Tuesday, April 7, 2009

New Zend Application Server released today

It was an exciting day here at Zend today, we officially released Zend Server into GA, and I have to say this is an important milestone for the industry. It reminds me of the time 12 yrs ago when I was working on another new server technology at Netscape the very first Java Application Server that started a whole new category of software and opportunities on the web. Well NSCP's app server was technically not the first version as NSCP merged with the first one built by Kivasoft and release the next version under the new NSCP name. But it was that next version that made a huge impact on the internet and the name change was one of those things that signaled a maturing of the corprate market that was ready to adopt application servers as solutions. Websites needed better Scalability, High Performance and productivity improvements over the old way of doing things on the internet back then.

NSCP App Server was the beginning of the shift away from client/server corporate initiatives and desktop apps development like powerbuilder and visual studio onto the web. As of today only 33% of these internal employee applications have moved in 12yrs to the web, and that's mostly because of the lower productivity and high startup costs of early app server solutions. Scripting languages like PHP improve things at the language layer, but a complete solution is needed to addresses best practices and gain even more productivity while developing your next web ideas. As Yogi said once "This is like deja vu all over again"
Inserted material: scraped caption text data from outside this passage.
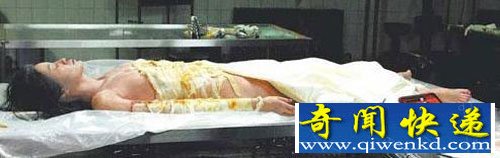 特异功能 女尸 医生 复活 解剖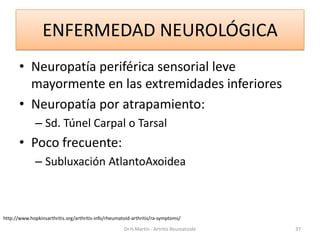 ENFERMEDAD NEUROLÓGICA
• Neuropatía periférica sensorial leve
mayormente en las extremidades inferiores
• Neuropatía por a...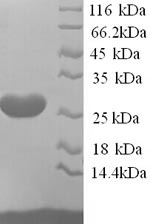 SDS-PAGE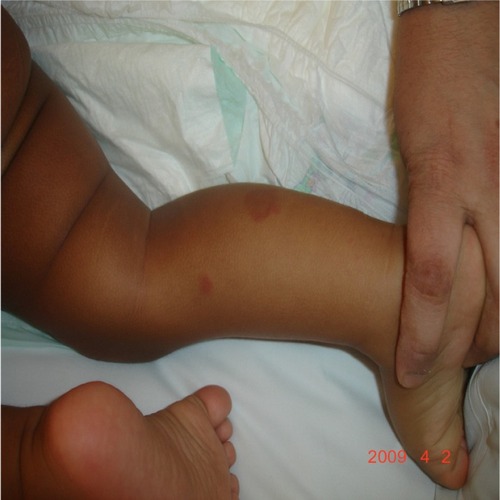 Figure 2 Oval, purpuric, and targetoid lesion on the right lower extremity.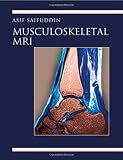 Musculoskeletal MRI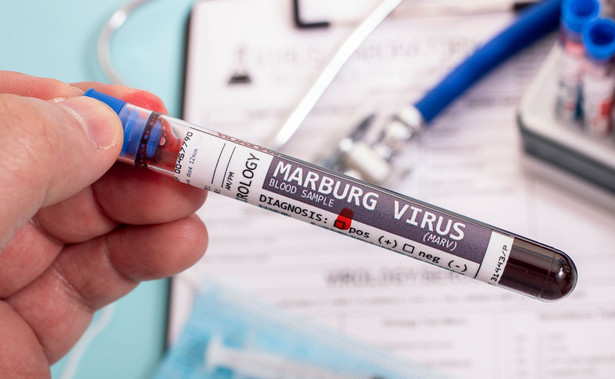 11 ofiar śmiertelnych gorączki krwotocznej spowodowanej przez wirus Marburg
Now fast forward to today's release of Zend Server, it offers PHP websites enterprise capabilities without the complexity and overhead of those first generation Java App Servers. Sure it can help with High Performance, it has the fastest PHP Byte Code accelerator technology out there. No other PHP caching technology is faster either, not even APC, and if you are running PHP applications on Windows then there is no other technology that is more reliable and tested for production environments under stress then Zend Server. We've implemented an APC function mapping layer into Zend Server that will allow your PHP apps using APC calls to utilize the faster internals of Zend Server without need to change your app code. So examples like phpBB modified to use it will run on Zend Server without code changes, and run even faster but with additional capabilities that will surprise you. Like better troubleshooting.
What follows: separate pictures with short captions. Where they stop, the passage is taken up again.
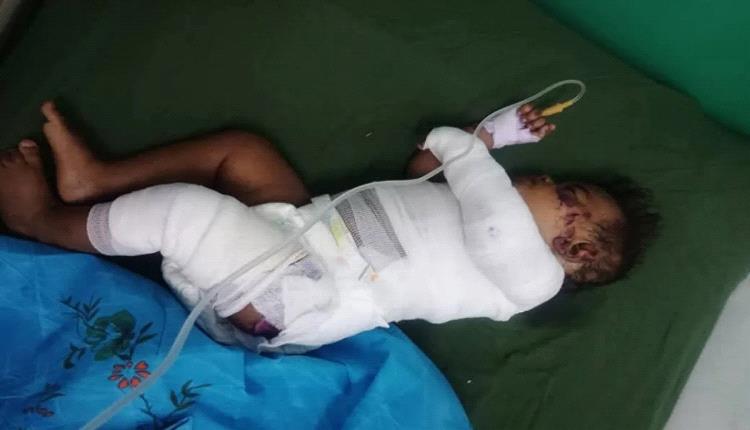 إصابة طفلين في حريق بمنزل في الحديدة 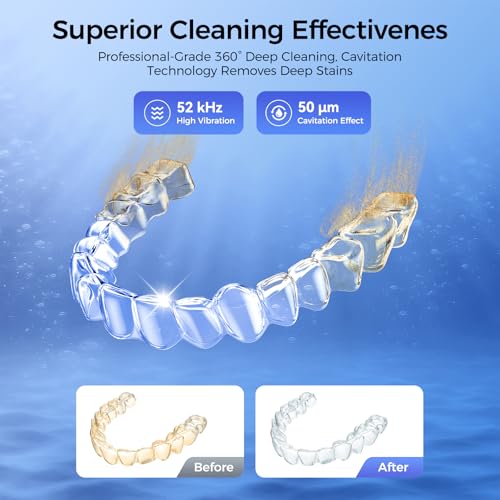 Ultrasonic Cleaner for Retainers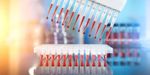 Ultrasensitive Assays: Technology, Applications, and Benefits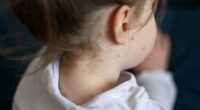 NHS breakthrough as it offers chickenpox vaccines for the first time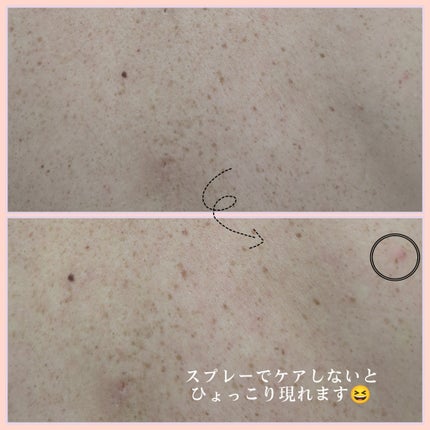 レッドアクネ ボディピーリングショット/MEDICUBE/ピーリングを使ったクチコミ(7枚目)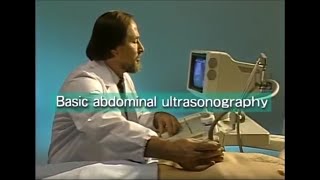 How to do abdominal ultrasound examination [upl. by Cross]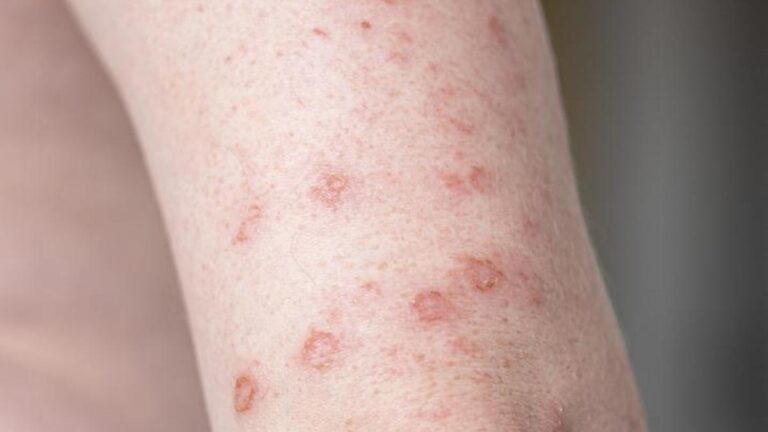 Sifiliz belirtileri nelerdir? Sifiliz nasıl anlanır? Tedavi yöntemleri nelerdir?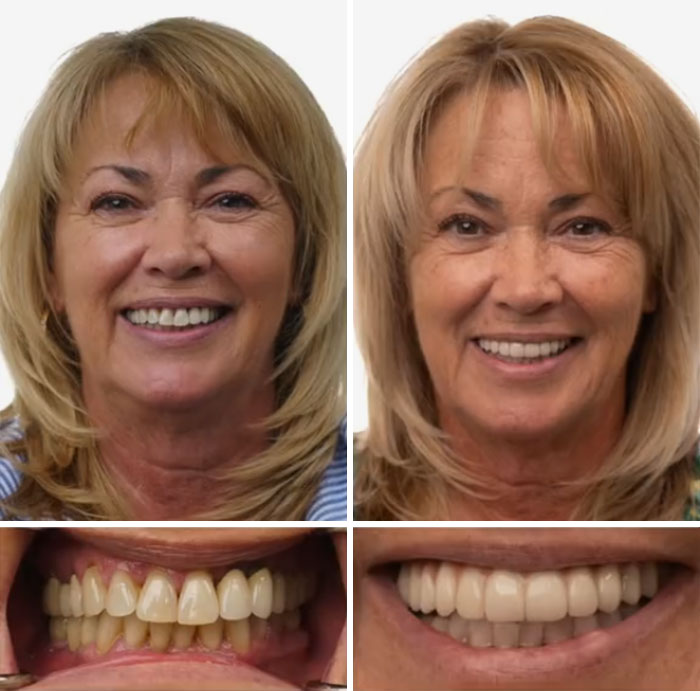 53 Dental Work That Made People Smile Without Hesitation And Shame 53 Dental Work That Made People Smile Without Hesitation And Shame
Quickly pinpointing the root cause of a problem and the tools to reproduce them faster is a major feature developers are surprised about when they start to use Zend Server. Like a sports car that you test drive because it performs well on the road, you the driver soon fall in love with the internals. As you sit behind that wheel you'll really get a good feel of the Zend engine and quick acceleration, but also fall in love with all the other things that makes driving it special. So take the new Zend Server out for a spin, you will also find many surprises that will WOW you even more then the thrill for speed as you sit behind the wheel. I'll be blogging more about those in the next few weeks, but since we are on the topic of speed. I had a meeting with one of our closest customers today, and used Zend Page caching to make a new PHP app more then 70 times faster, took only a few min after installing the server. I'll show you how to do the same thing in opensource using Joomla and Drupal in my upcoming article.

1 comment:

Edward Kietlinski said...

Much of the performance capabilities in Zend Server are inspired by Zend Platform server though the GUI look different the functionality and capabilities are similar. If you want more info now about performance take a look at this webinar from Zend engineer Shahar about the capabilities of the enterprise edition of Platform. It will give you a good understanding of the same capabilities found in Zend Server in a single server mode. Note Zend Platform is multi-server and can cluster for performance/scalability and offloading jobs using the Job Queue.